# [Task description]
If a line in the following entries holds the string "perfect", include it in the tally. State the total and nothing further.

# [Data for this task]
————————

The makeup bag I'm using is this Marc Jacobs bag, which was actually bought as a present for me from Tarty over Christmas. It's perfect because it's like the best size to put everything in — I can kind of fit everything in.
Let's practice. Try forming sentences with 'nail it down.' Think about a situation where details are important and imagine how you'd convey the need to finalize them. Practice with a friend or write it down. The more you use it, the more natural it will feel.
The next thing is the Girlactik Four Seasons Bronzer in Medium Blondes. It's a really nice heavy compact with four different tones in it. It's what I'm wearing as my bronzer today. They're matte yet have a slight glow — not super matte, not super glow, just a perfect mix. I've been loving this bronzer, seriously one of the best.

————————

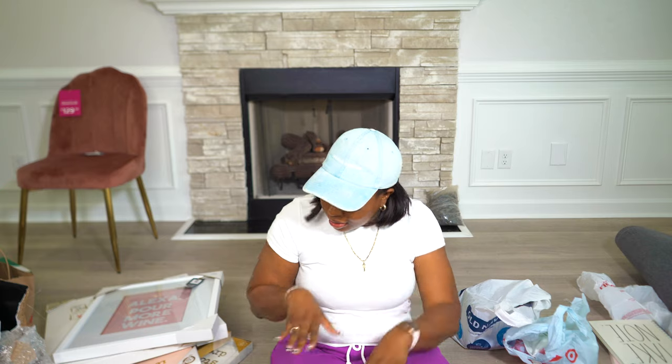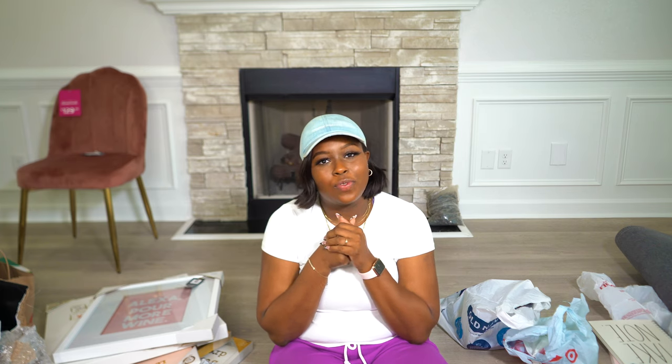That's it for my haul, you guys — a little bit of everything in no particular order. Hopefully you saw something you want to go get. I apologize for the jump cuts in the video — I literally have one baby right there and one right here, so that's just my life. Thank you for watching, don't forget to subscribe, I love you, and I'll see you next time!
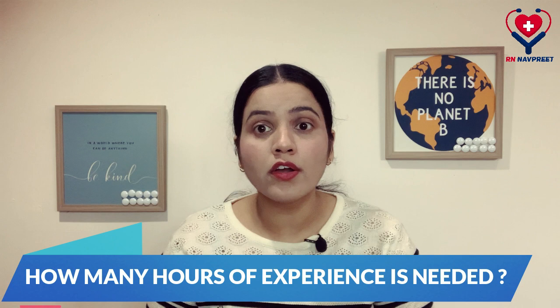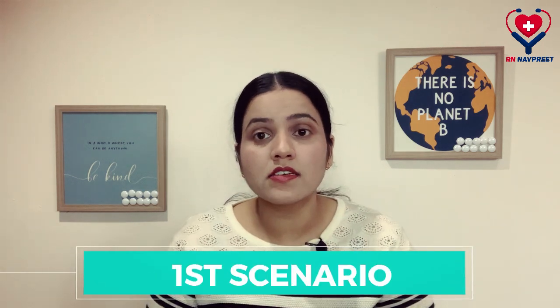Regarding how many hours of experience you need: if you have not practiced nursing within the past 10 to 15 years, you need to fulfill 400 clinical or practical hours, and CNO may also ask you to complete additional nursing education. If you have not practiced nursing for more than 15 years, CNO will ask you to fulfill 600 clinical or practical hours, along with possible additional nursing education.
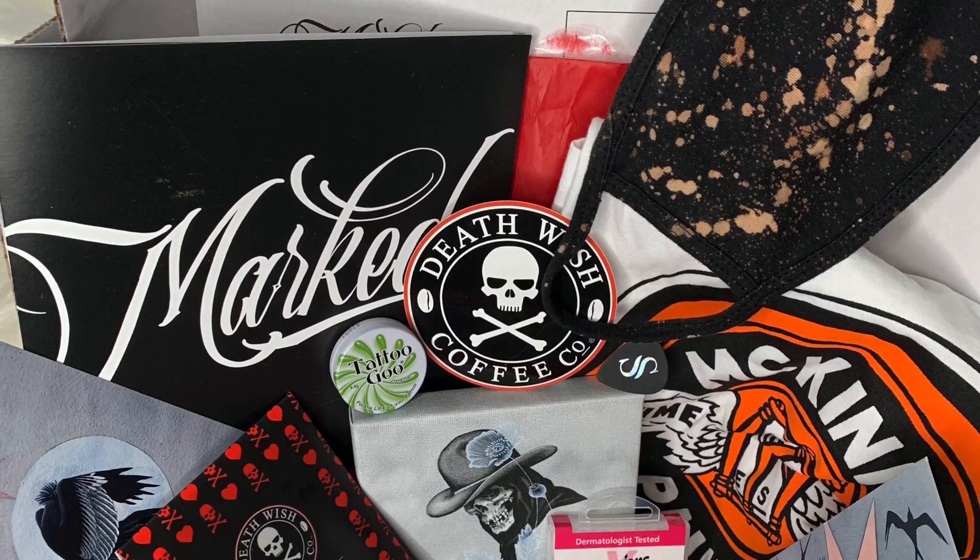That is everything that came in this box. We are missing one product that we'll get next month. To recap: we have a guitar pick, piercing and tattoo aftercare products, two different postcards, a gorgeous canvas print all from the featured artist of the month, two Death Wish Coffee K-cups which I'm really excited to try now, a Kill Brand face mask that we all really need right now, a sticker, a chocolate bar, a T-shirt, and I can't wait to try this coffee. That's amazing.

————————

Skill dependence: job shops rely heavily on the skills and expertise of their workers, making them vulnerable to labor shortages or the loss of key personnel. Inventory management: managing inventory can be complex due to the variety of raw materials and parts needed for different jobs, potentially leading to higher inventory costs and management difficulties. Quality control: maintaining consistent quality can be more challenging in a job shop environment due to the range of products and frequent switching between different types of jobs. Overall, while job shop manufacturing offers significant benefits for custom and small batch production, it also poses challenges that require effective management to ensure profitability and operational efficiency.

————————

# [Solution for this problem]
2